Lina: Three words, dear Romeo, and good-night indeed. If that thy bent of love be honourable, thy purpose marriage, send me word to-morrow, by one that I'll procure to come to thee, where, and what time, thou wilt perform the rite; and all my fortunes at thy foot I'll lay, and follow thee my lord throughout the world.
(back-stage)
Bishounen: NoV?
NoV: Yes?
Bishounen: I really like your play.
Nov: Aw! (huggles him) Thank-you, Bishy.
Rezo: (Gurgle)
Kopii: (sputter)
Zelgadis: So, have you tried coffee? It works wonders for fragile nerves.
Valgaav: Does it? I've always thought tea was the best. It never helps much. I'll have to try it.
(on-stage)
Filia: Madam!!
Lina: I come, anon. -But if thou mean'st not well, I do beseech thee,--
Filia: (getting impatient) MADAM!!
Lina: By and by; I come;--to cease thy suit, and leave me to my grief. To- morrow will I send.
Xelloss: So thrive my soul,--
Lina: A thousand times good-night!
Xelloss: A thousand times the worse, to want thy light. Love goes toward love, as schoolboys from their books; but love from love, toward school with heavy looks. (begins to float away)

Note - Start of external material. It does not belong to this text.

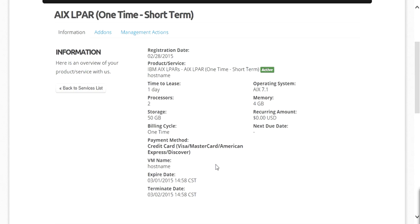If you scroll down on this screen, you can also see the expire date and the terminate date of the AIX LPAR. The expire date and time is when the lease will expire — at that point the LPAR will be suspended but not removed; everything on the LPAR will still exist but will be inaccessible. The terminate date is when the LPAR will be deleted and removed permanently; after this date and time the LPAR will not be recoverable.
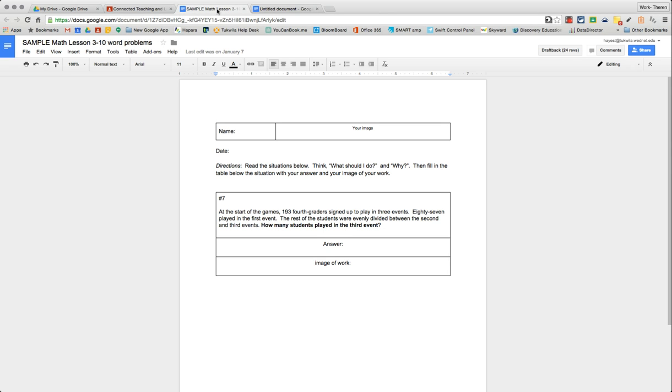Connected Teaching and Learning. This video is going to capture a couple ideas I have using some of the tools in Google Documents as well as what Google Chrome and Google Chromebooks will allow students to do.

NoV: Xelloss! Stop floating, baka!
Xelloss: :p
Lina: Hist! Romeo, hist! O! for a falconer's voice; to lure this tassel- gentle back again. Bondage is hoarse, and may not speak aloud, else would I tear the cave where Echo lies-
Xelloss: Echo, the dolphin!! I like the part where the squid-
Lina: (loudly clears her throat) -and make her airy tongue more hoarse than mine, with repetition of my Romeo's name.

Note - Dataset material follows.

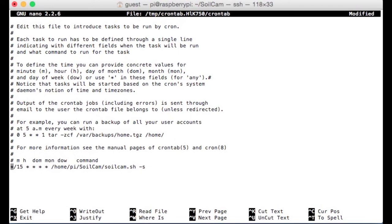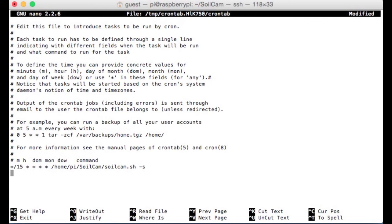That first asterisk is in reference to minutes, this one hours, day of the month, month, and then day of the week. So I want my scanner to initiate a scan every 15 minutes. So if I do star forward slash 15, every 15 minutes, every day, night or day, it's going to initiate a scan.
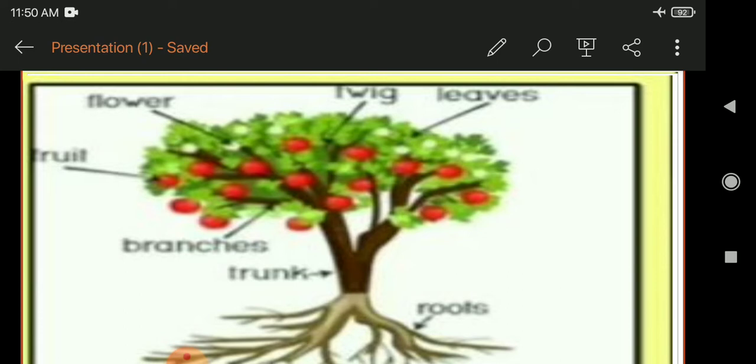Which of these parts are seen on the tree most of the time? Most of the time you can see the branches, trunk, and leaves. Which is the smallest part of the tree and what is it attached to? The smallest part of a tree is the leaf. It is attached to a stem, and the stem is attached to a branch.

Xelloss: It is my soul that calls upon my name: how silver-sweet sound lo- looo---the L word's tongues by night, like softest music to attending ear.
Lina: Romeo!
Xelloss: Filia!
Filia: Namagomi!!
Gourry: Zelgadis?
Zelgadis: Valgaav.
Valgaav: Mom!
Sylphiel: Gourry-dear!
NoV: You guys!!
Milgasia: It's a very funny joke.
Phibby: Gaav!!
Gaav: Ernest!
Ernest: Gaav!
Martina: Mazoku..
Zelas: (leers) Amelia!
Amelia: (frightened) Mr. Zelgadis!
Bishounen: Bishounen!
NoV: Stop!!!
(on-stage)
Lina: Umm..at what o'clock to-morrow shall I send to thee?
Xelloss: At the hour of nine.
Lina: I will not fail; 'tis twenty years till then.
Xelloss: It is?
Lina: Shut up!! I have forgot why I did call thee back.
Xelloss: 'Cuz you wuv me!
Lina: Grrr..
Xelloss: Let me stand here till thou remember it.
Lina: I shall forget, to have thee still stand there, remembering how I love thy company.
Xelloss: And I'll still stay, to have thee still forget, forgetting any other home but this.
Lina: 'Tis almost morning; I would have thee gone; and yet no further than a wanton's bird-
Xelloss: One time Gourry was trying to stuff this wanton in his mouth, and it fell off the chopsticks and-
Lina: WHO LETS IT HOP A LITTLE FROM HER HAND, like a poor prisoner in his twisted gyves, and with a silk thread plucks it back again, so loving- jealous of his liberty.
Xelloss: I would I were thy bird. (funny look) What kind of a sappy phrase was that?
Lina: Sweet, so would I: yet I should kill thee with much cherishing. Good- night! Good-night! Parting is such sweet sorrow that I shall say good-night till it be morrow.
Xelloss: Sleep dwell upon thine eyes, peace in thy breast! (adds) It would have to be a very tiny peace.
Lina: (tries to reach out and bap him, but he floats away)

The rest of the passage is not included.